For this exercise, output the entries below exactly from the line that holds "Lululemon Black Athletic" to the line that holds "Green 24x25x7 vertical", both ends included. No pictures belong in the copy.

#### Provided records

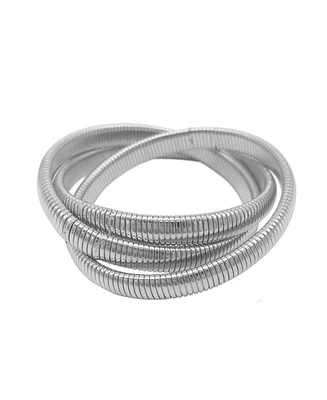 Adornia Silver Omega Chain Triplet Bracelet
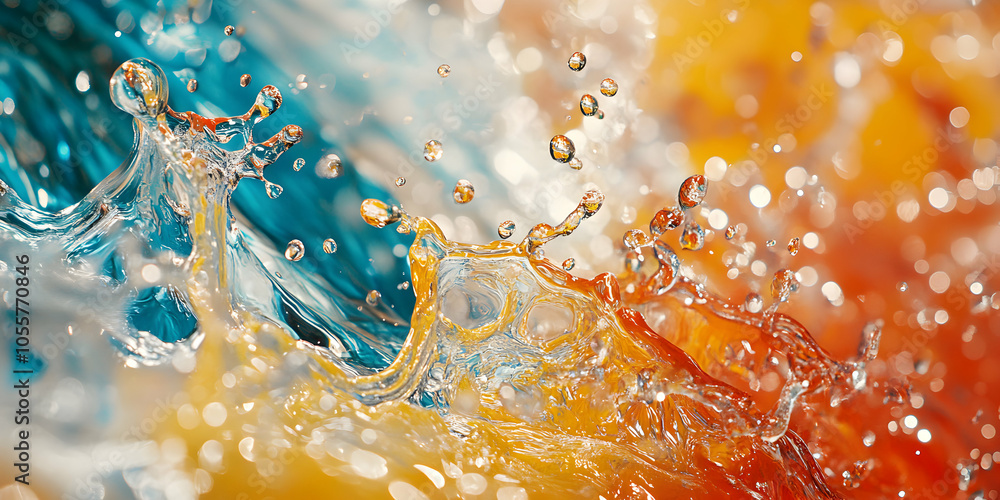Poster abstract water droplets splashing and creating a beautiful pattern of orange and blue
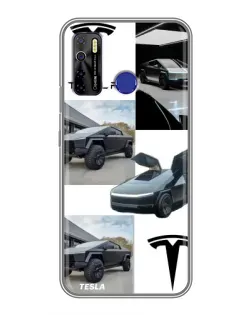 Чехол для TECNO Camon 15 Air с картинкой «Коллаж Cybertruck Tesla»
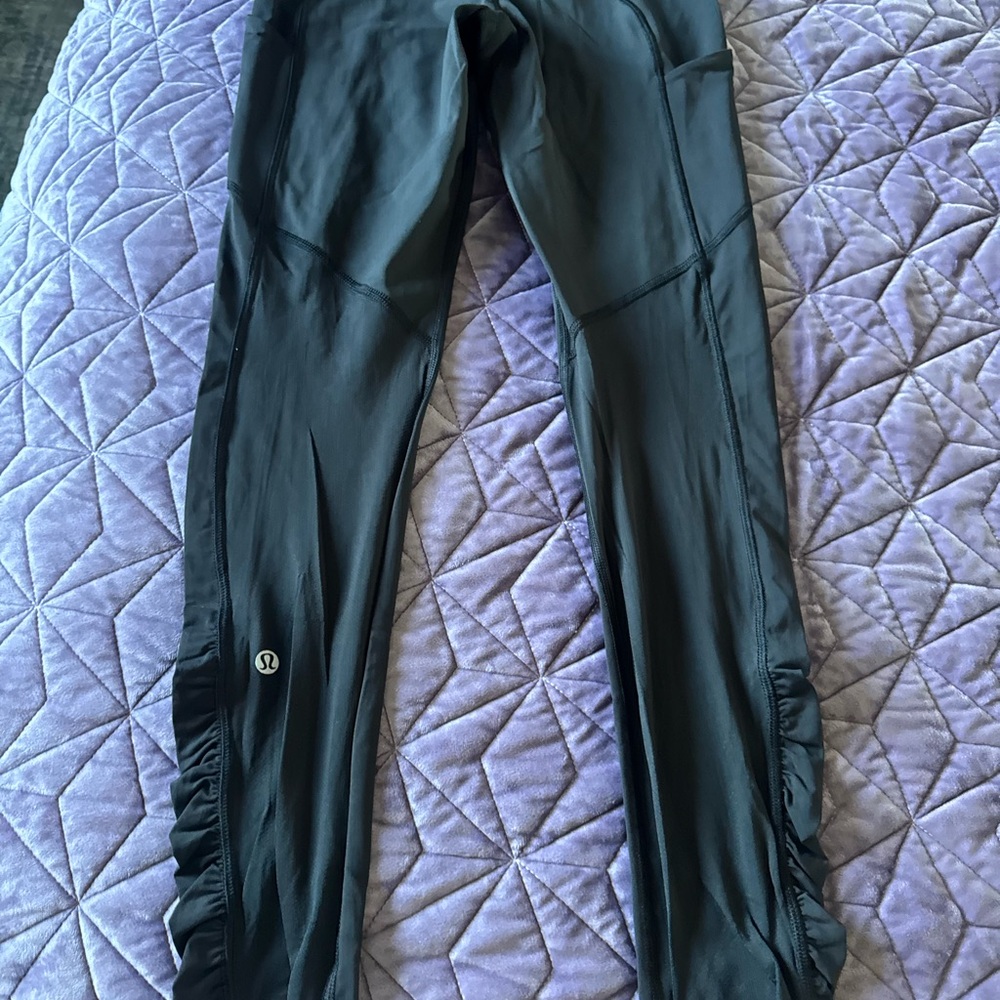 Lululemon Black Athletic Leggings with Side Detail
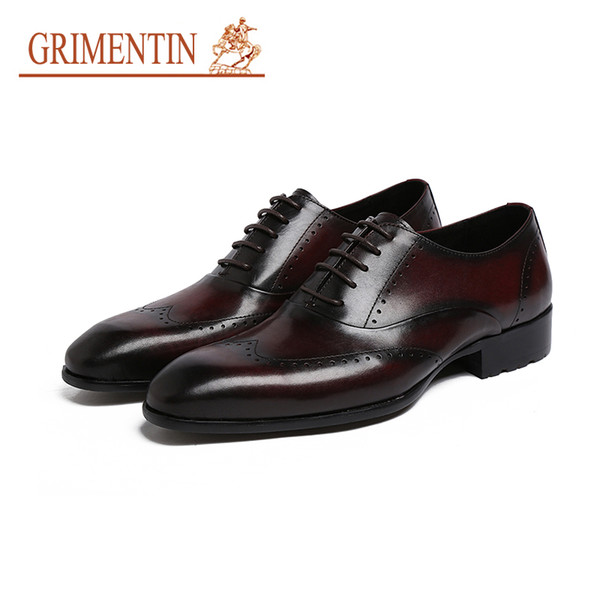 GRIMENTIN Brand high top vintage Men Dress Shoes Genuine Leather Wingtip Lace-up Wedding business office male shoes men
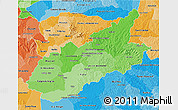 Political Shades 3D Map of Caazapa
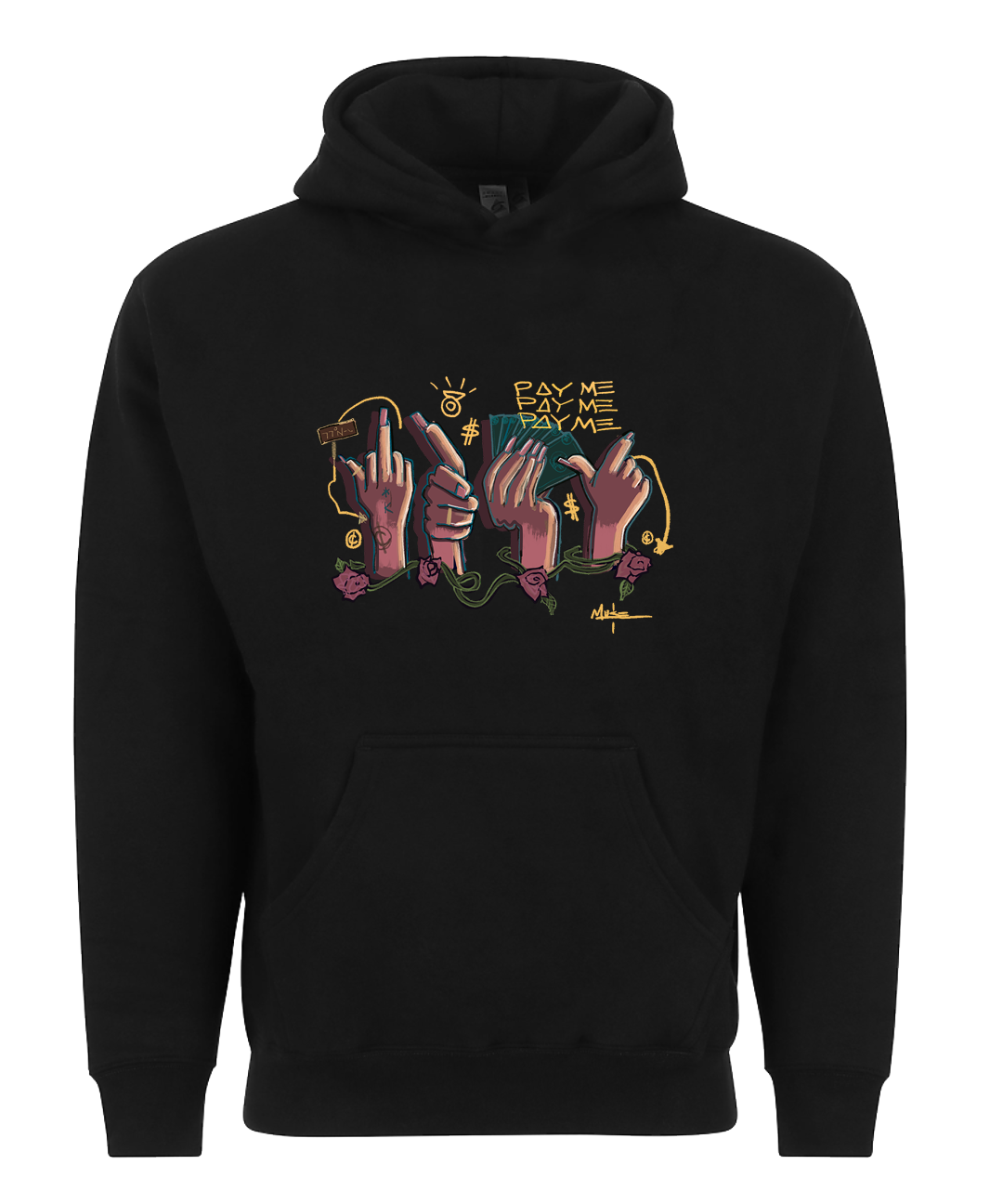 "F*k U Pay Me" Black Hoodie (Neo)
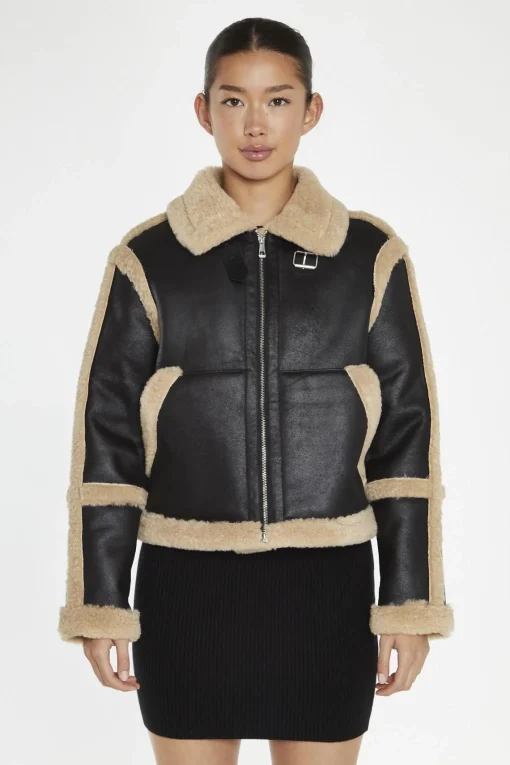 Glamorous Faux Fur & Leather|Jackets|Black-Beige Faux-Fur Trim Jacket -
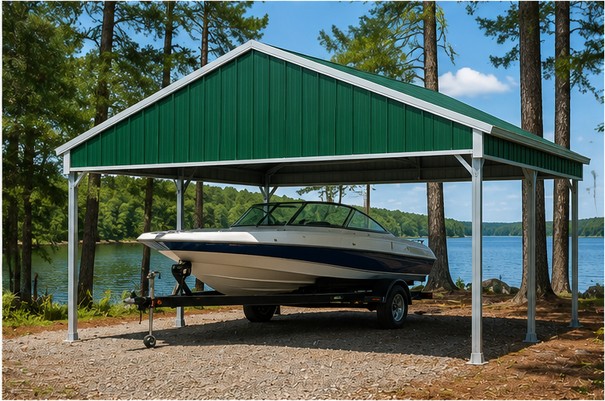 Green 24x25x7 vertical roof metal carport sheltering a boat on a trailer near woods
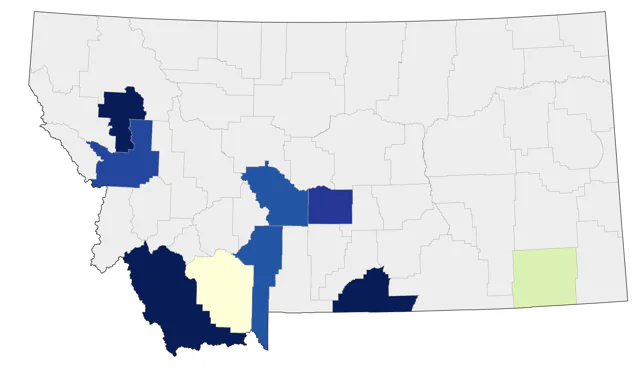 Gray Flycatcher county map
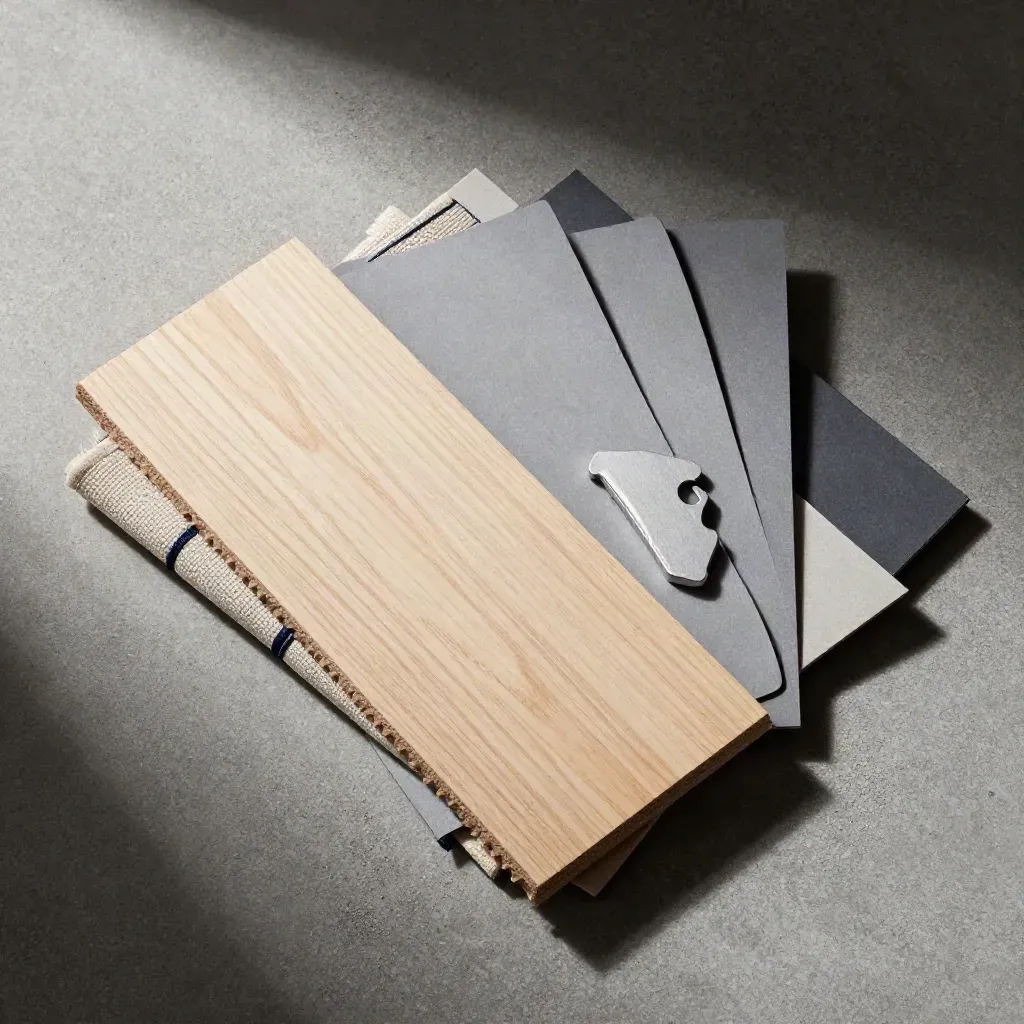 Overhead flatlay of wood, canvas, folders and machined metal on concrete.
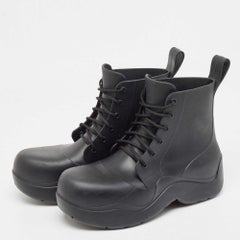 Bottega Veneta Black Rubber Lace Up Puddle Boots Size 41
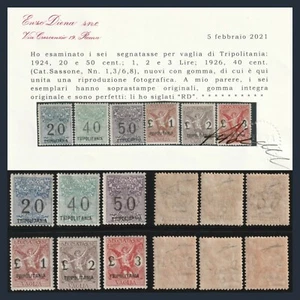 Colonie Italiane 1924-26 Tripolitania Segnatasse per Vaglia n. 1-3/6-8 Diena MNH - Foto 1 di 4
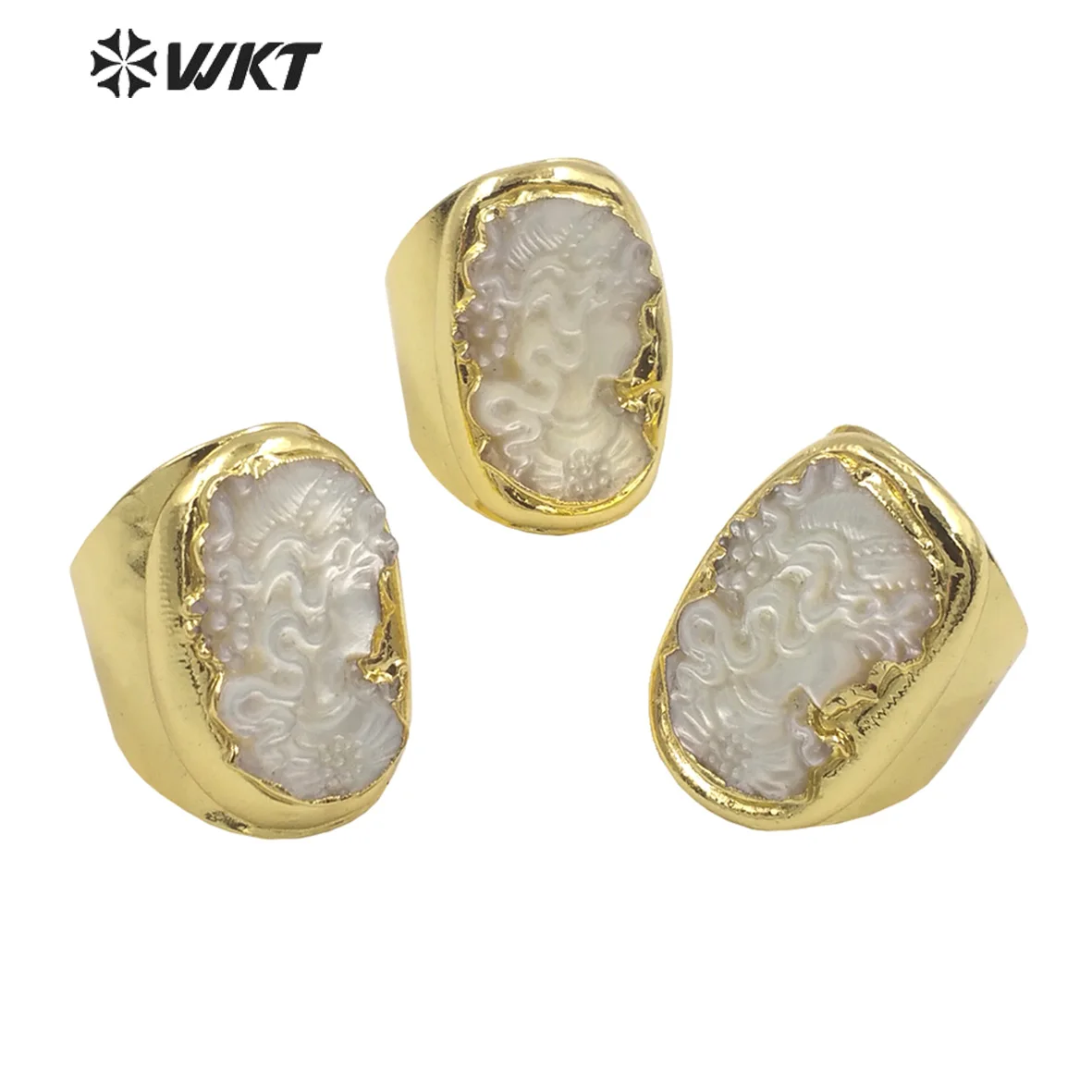 WT-MPR062 Beautiful Hand Carved Shell Beauty Ring 18K Real Gold Plated Women Big Gift Ring In 10 PCS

########

**Response**
 Lululemon Black Athletic Leggings with Side Detail
 GRIMENTIN Brand high top vintage Men Dress Shoes Genuine Leather Wingtip Lace-up Wedding business office male shoes men
 Political Shades 3D Map of Caazapa
 "F*k U Pay Me" Black Hoodie (Neo)
 Glamorous Faux Fur & Leather|Jackets|Black-Beige Faux-Fur Trim Jacket -
 Green 24x25x7 vertical roof metal carport sheltering a boat on a trailer near woods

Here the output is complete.